A Christian Captain for Iranian Soccer

Andranik Teymourian
Andranik Teymourian

Yesterday I posted about religious contradiction in Saudi Arabia. Today posts a Guardian article about Iran, in the other direction:

The 32-year-old midfielder, known as Ando – or Samurai, due to his hairstyle – is not shy of showing his Christianity, often crossing himself on the field. In April, Teymourian, who has played for Bolton Wanderers and Fulham, became the first Christian to lead Iran’s football team as its permanent captain. “I’m happy that as a Christian I play in a Muslim team,” he said in a recent interview. “I have Armenian roots but I hold the Iranian passport and I’m proud of that, I hold my flag high. I hope I can enhance the good reputation of Armenian people in Iran.” Ethnic Armenians make up the majority of Iran’s estimated 300,000 Christians.

This is their situation:

Although Islam is Iran’s official religion, it recognises Christians, Jews and Zoroastrians as accepted religious minorities. They are permitted their house of worship and usual religious services, and have reserved seats in the Iranian parliament. In a country where alcohol and pigmeat are forbidden, Christians are allowed to distil booze and eat pork. There are at least 600 churches in Iran, including the sixth-century St Mary Church of Tabriz, mentioned by Marco Polo in his travel book. The adjacent province of West Azerbaijan boasts the ancient St Thaddeus Monastery, a Unesco world heritage site. When Hassan Rouhani came to power in 2013, he appointed Ali Younesi, a former intelligence minister, to serve as his special assistant in minorities’ affairs. It was the first time such a position had been created. Significant improvements have since been made but many big challenges remain.

Among them:

Iran also remains highly sensitive towards the issue of conversion. Muslims who convert to other religions risk being arrested. More than 90 are behind bars, including pastor Saeed Abedini, who holds an Iranian American citizenship. Muslims whose denominations are not accepted by Iran, such as Gonabadi dervishes, face persecution, with many of their members in jail.

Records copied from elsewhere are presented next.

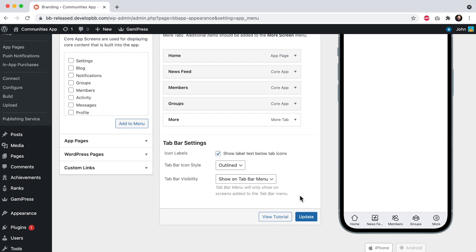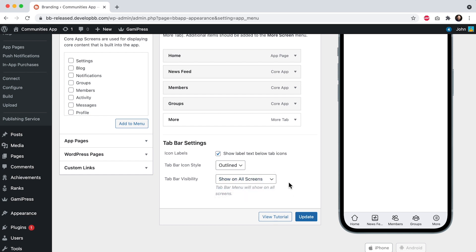Let's go ahead and switch this to show on all screens. And now the tab bar menu is going to show on all screens used throughout the app. And let's click on update.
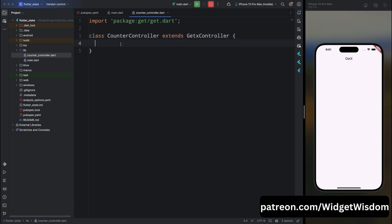By extending GetxController, the CounterController can manage reactive variables and update the UI when the state changes. Inside this class, create a new variable count and initialize its value with zero, then add .obs. The .obs makes our count variable an observable variable. In GetX, observable variables can be tracked by the framework, which allows the UI to automatically update when the value changes. When you mark a variable as .obs, you can use GetX reactive widgets like Obx to listen for changes.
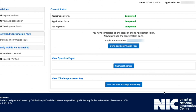Once you log in, it shows options to view your question number and view your question paper. If you click there, you will be able to see your question paper. And there is also an option that says 'View/Challenge Answer Key' — if you click on this, you will be able to challenge the answer key.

Perhaps Iran is trying to polish up its image, especially vis-a-vis Saudi Arabia. In their regional battle for supremacy, everything counts. But being the captain of the national soccer team is a big deal. I’m guessing they don’t play political games with that. Iran Soccer Kiss Quran But here is an interesting question for Christians in the West:

As Iran’s national football team prepared to head to the World Cup last year, Andranik Teymourian stood next to his teammates while they lined up to kiss the holy Islamic book, the Qur’an, as part of the farewell ceremony. Although he is not a Muslim, the Iranian Armenian didn’t want to rock the boat and so performed the ritual for travellers, which is a quintessential part of Iranian culture. The cleric holding up the Qur’an could hardly disguise his amusement at the scene.

The description here doesn’t seem quite right. If it is ‘a quintessential part of Iranian culture’ surely he has done it already, before becoming captain. And if so, why would the cleric be in amusement? Or, did they previously allow him to decline, but as captain he thought best to do so and represent his team? More information is necessary, but let us assume the article is correct in both this description and in the sincerity of Teymourian’s Christian faith. There is always a mix between religion and culture, but Western Christians don’t often have to think too deeply about this, as the mix is in their favor. Perhaps this is changing, some would say. But for Christians within a different mix, where should the lines be drawn? Teymourian has been honored for his play and leadership. Did he do well, or compromise? What would you have done?